WTF. This does not make any economic sense unless you're a teenager. You will have a much easier time replacing a $320 pair of shoes with Zappos.

Highlighted
Adept III
Adept III

Re: gcc segmentation faults on Ryzen / Linux

I don't know what people are saying when they are writing in to AMD Support, but I didn't have any follow up questions for my ticket. All I did was do my testing in advance, made sure to cover all the troubleshooting points AMD would likely ask me, and made it clear that the issue I was having was due to CPU "marginality" which cannot be serviced by the user.

Got my reply back of them roughly saying "Sorry about your problems... We don't believe further troubleshooting can resolve the issue... Next step is to RMA... Yes, we agree your troubleshooting is thorough so we don't want to waste time and money on future RMAs, so please confirm your system setup so we can test the chip on our end to make sure it is defect free...".

Got replacement in like 3~4 days and the chip was segfault free.
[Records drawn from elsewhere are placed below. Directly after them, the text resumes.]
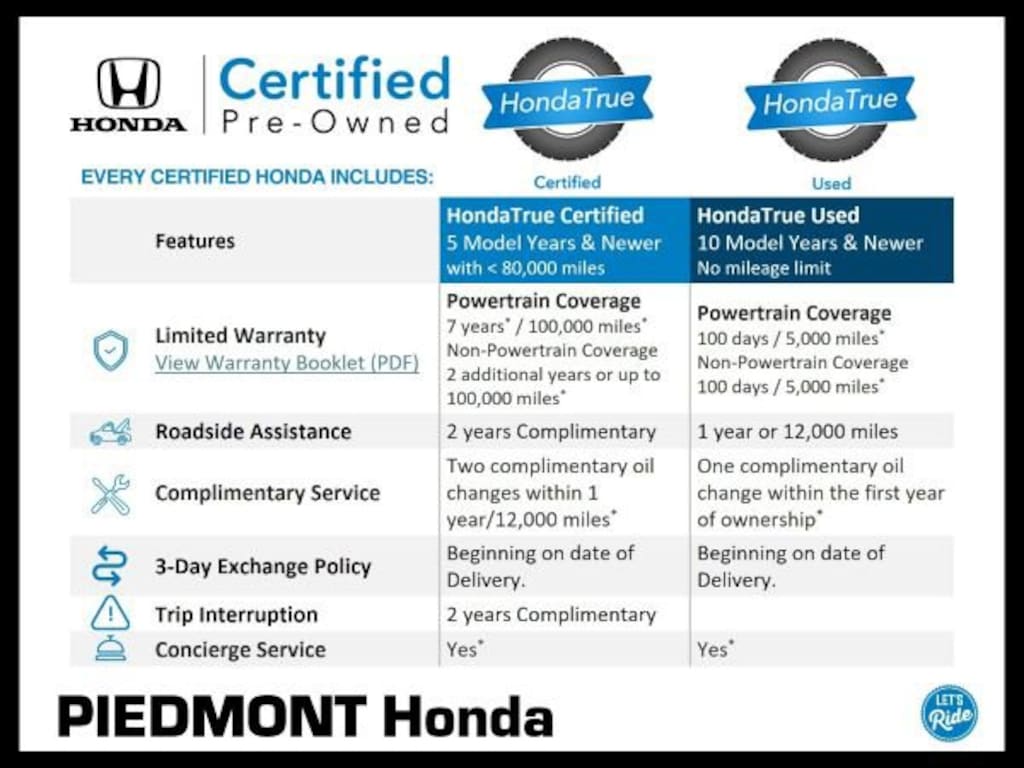 Certified 2021 Honda CR-V Hybrid Touring AWD SUV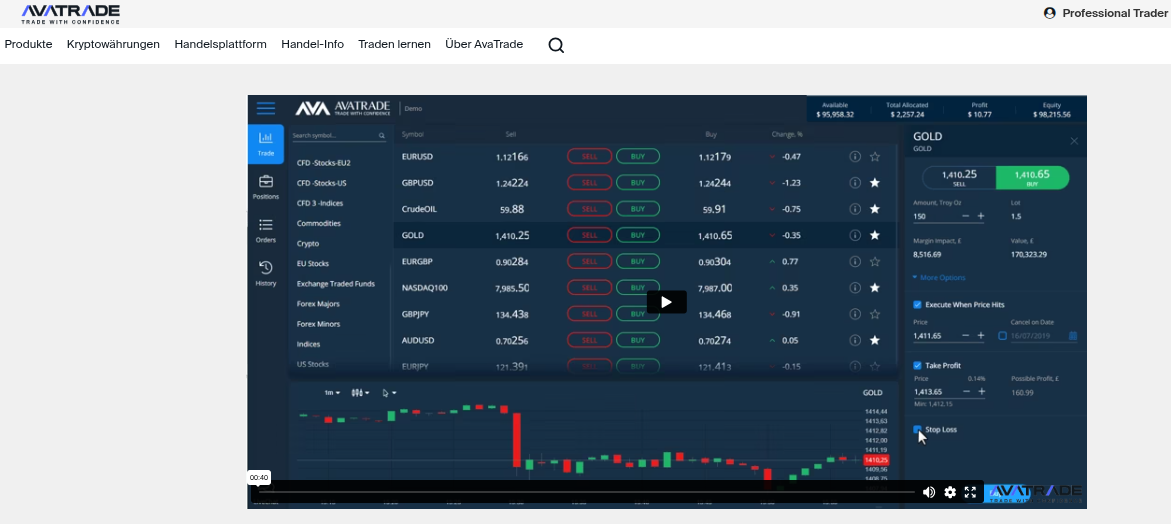 Trading Plattform von AvaTrader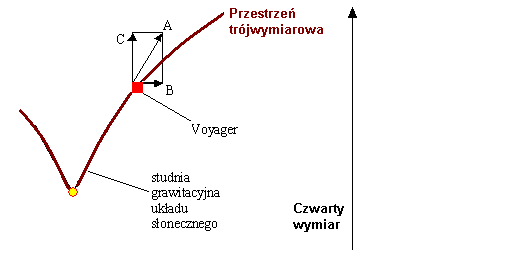 Dlaczego zwalniaj± Voyagery
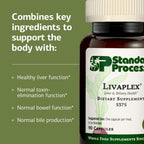 Buy now Standard Process Livaplex - Whole Food Bowel, Digestion and Digestive Health, Liver Health and Gallbladder Support with Spanish Black Radish, Betaine Hydrochloride, and Organic Carrot - 90 Capsules at indiglob india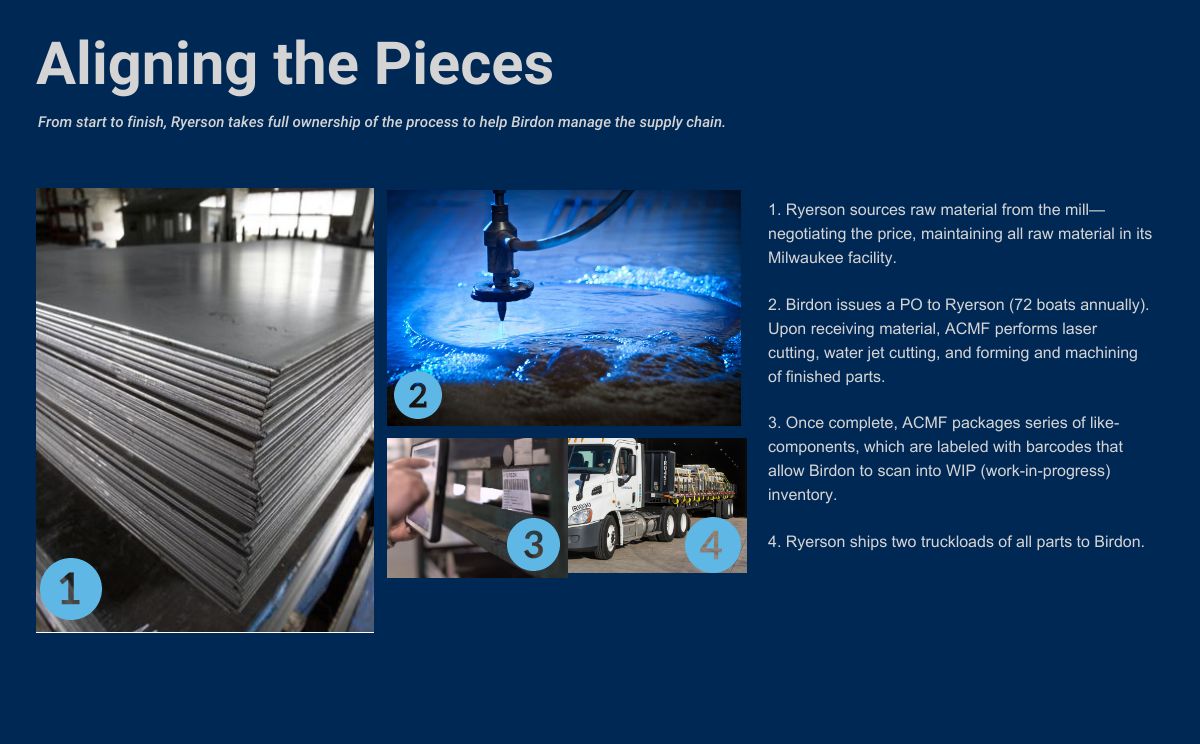 Birdon Supply Chain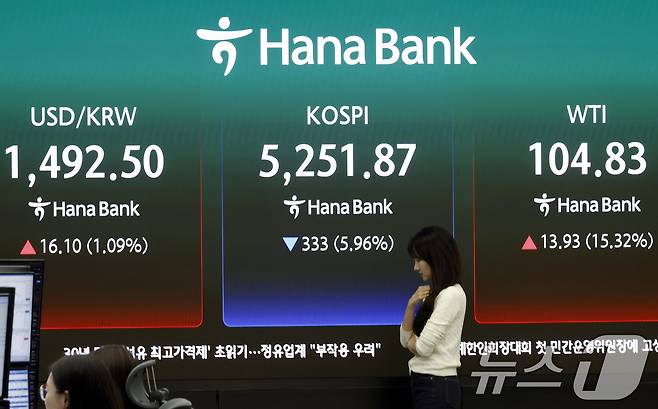 9일 오후 서울 중구 하나은행 딜링룸 전광판에 코스피와 달러·원 환율, 서부텍사스산중질유(WTI) 선물 가격이 표시되고 있다. 2026.3.9 ⓒ 뉴스1 박정호 기자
The only difference I can think of that would have effected my turn around time would be "when" I submitted my ticket. I knew submitting it early wouldn't expedite it because other users were already doing multiple RMAs to help AMD characterize the issue. But once it was confirmed they were able to reproduce the problem and have a reliable way to test for it, I jumped on submitting a ticket early to avoid the mad rush. As a result, turn around time for communication was only like 2~3 days per each reply. I can imagine now with a large stampede of people writing in (some with no reason other than the fact that they heard this issue exists), that times are significantly longer.

Highlighted
Adept II
Adept II

Re: gcc segmentation faults on Ryzen / Linux

Today I got my RMA CPU (Ryzen 7 1700X). It's labeled 1728SUS (the broken one is 1707SUT).

The package I got seemed to be sealed - maybe it was opened on the bottom - I can't say this for sure. There where no additional markers.

Currently I'm running my compile tests (rpmbuild --rebuild of the leap kernel). Each compile takes around 10:40 minutes (including building of rpm packages). It's about the same performance as I saw with the old one.

Meanwhile it has been running fine about 12 times w/o any problem. Before, I usually saw the first segfault after about 1 or 2 minutes. Mmore than one complete kernel never worked before. Tests have been done so far running Linux 4.9.46 and 4.12.10 / gcc 4.8.5 w/ enabled opCache and (k)aslr.

As others already told, the CPU voltage (VDDCR in bios) of the new CPU is significantly lower (1.275 V or less) compared to 1.438 V. During high load (compiling) the voltage seldom is higher than 1.24 V (it's been a spike) - most of the time it is around 1.08 V.

Board: Asus Prime X370 Pro / Bios: 0810 08/01/2017 / Using default settings besides enabled IOMMU and SVM.